Quando ouvi pela primeira vez Caetano Veloso dizer, na letra de Sampa (1978), que “Narciso acha feio o que não é espelho”, sabia que estava diante de uma bela tradução poética do mito de Narciso e do correlato termo psicanalítico (Narcisismo) cunhado por Sigmund Freud em 1914. Entretanto, somente anos depois é que percebi que a força dos versos do compositor tropicalista residia na sua atualidade: ver-se e, agora, dar-se a ver jamais foi tão simples e banal como na era das redes virtuais de relacionamento.
Sobretudo em época de altíssima visibilidade midiática como a de hoje, o tema desnudado por Caetano se revela sintomático de novas formas de sociabilidade e de construção de identidades e subjetividades. Parece que não há vida para além da(s) tela(s) e dos registros ou arquivos informáticos e informacionais e fora dos circuitos em que se manifesta uma suposta comunicação em rede virtual. É como se o estatuto ontológico das sociedades pós-modernas residisse na possibilidade de ver e ser visto: para ser na sociedade atual é preciso ter uma imagem visível – e celebrada, diga-se de passagem. Nesse processo regido pela performance individual, a identidade é substituída pela personificação e os imperativos narcísicos do ver e do ser visto se tornam mais importantes do que a interação com a alteridade, tão cara à construção da subjetividade e alcançada apenas em função de acontecimentos comunicacionais.
Sobram imagens pessoais por todo lado: escolas, centros de treinamento e faculdades estampam em out-door as fotos das equipes de professores e dos alunos que obtiveram êxito nos concursos; blogs e fotologs proliferam na internet, expondo, sem guardar segredo (ao contrário do que faziam os antigos diários pessoais), a intimidade de seus proprietários; vídeos pessoais são postados a cada minuto no Youtube e aproveitados pelos canais de televisão; pequenos acontecimentos pessoais são transformados em grandes eventos coletivos nas redes virtuais de relacionamento; colunas sociais de jornais impressos registram e cultuam a boa aparência dos colunáveis em fotografias posadas…
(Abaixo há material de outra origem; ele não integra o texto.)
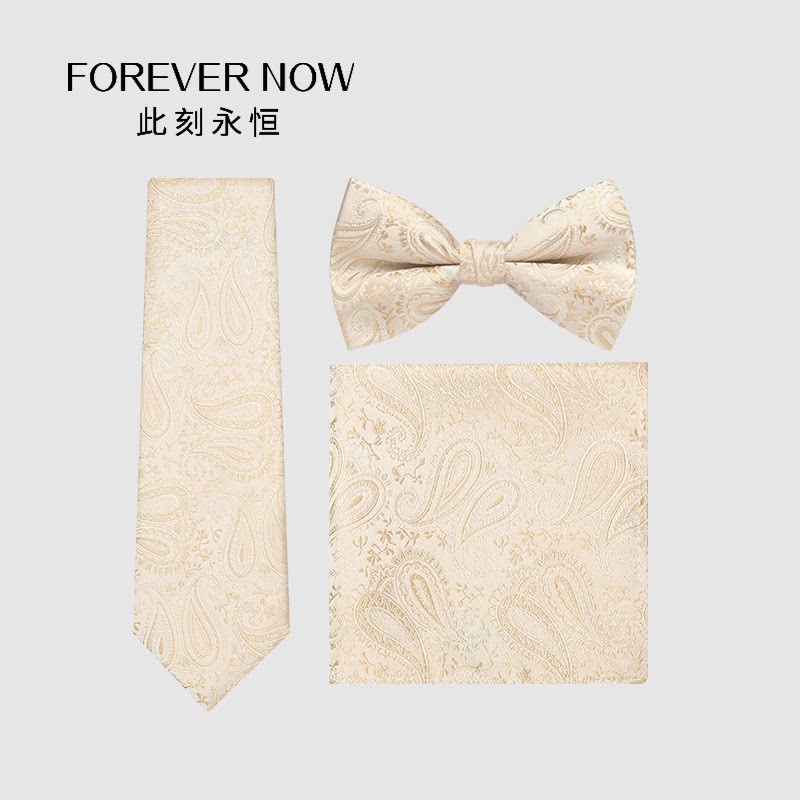 男士结婚领带韩版正装商务新郎香槟色佩斯利花纹手打领带领结套装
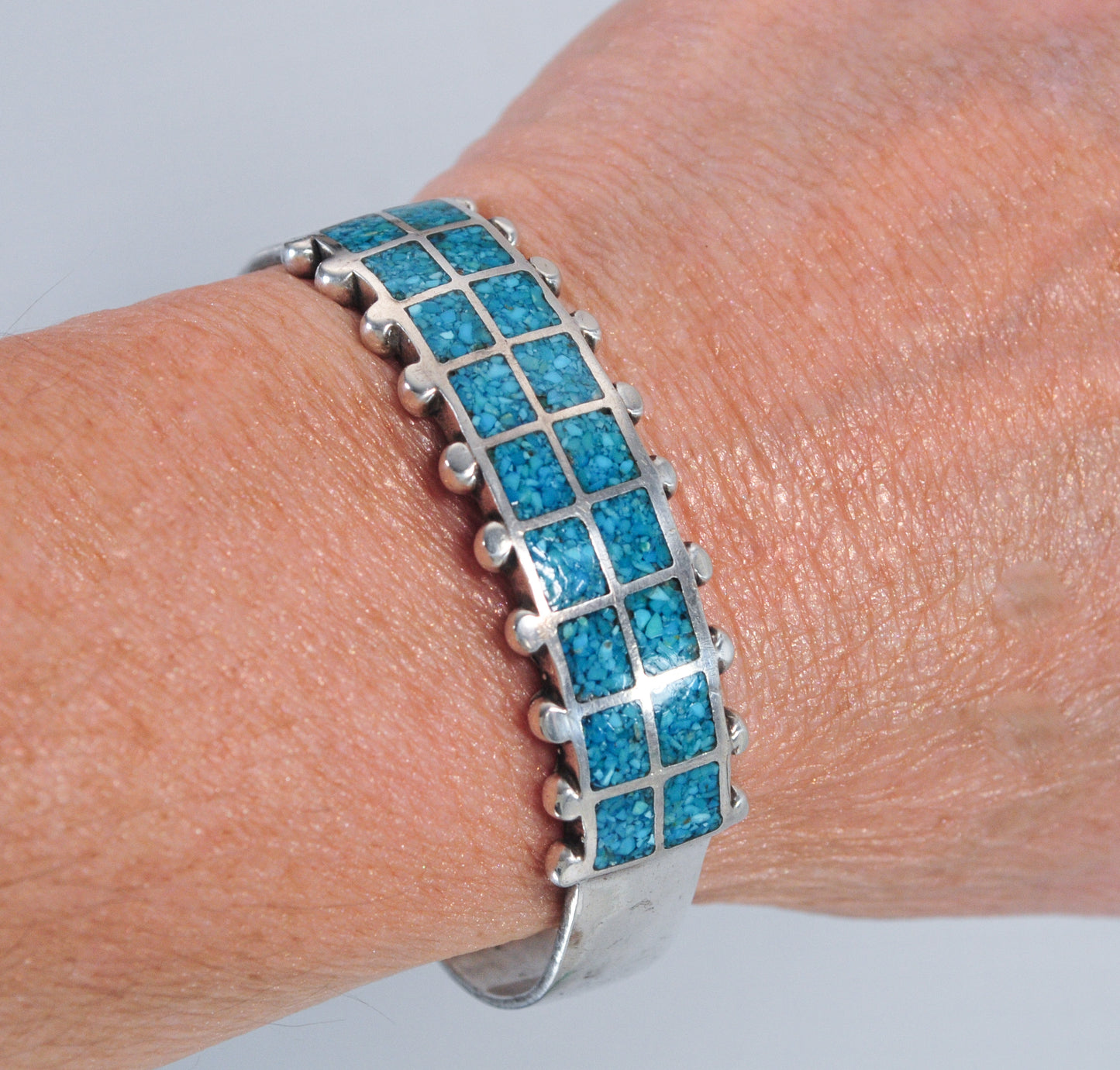 Native American Turquoise Chip Inlay Cuff Bracelet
A visibilidade que as tecnologias midiáticas conferem a acontecimentos, relações e atores sociais expõe a formação de um novo sujeito, que procura se identificar com cada nova imagem registrada pelas ferramentas de mídia e exposta nas telas, displays e dispositivos. A auto-referência se torna assim um dado singular da cultura midiática, e o narcisismo que essa prática exageradamente redundante comporta é de natureza neurótica, para relembrar Freud. Resultam desse processo patológico (quase psicótico, ainda segundo Freud) alguns comportamentos profissionais. Alguns jornalistas, só para citar um exemplo, falam mais de si mesmos do que sobre os temas e assuntos que abordam nos seus programas, construindo um jornalismo de auto-referenciação em que o grande espetáculo é o próprio jornalista, que se refaz a cada dia em busca incessante por uma imagem ideal (ideal do eu, no jargão psicanalítico?).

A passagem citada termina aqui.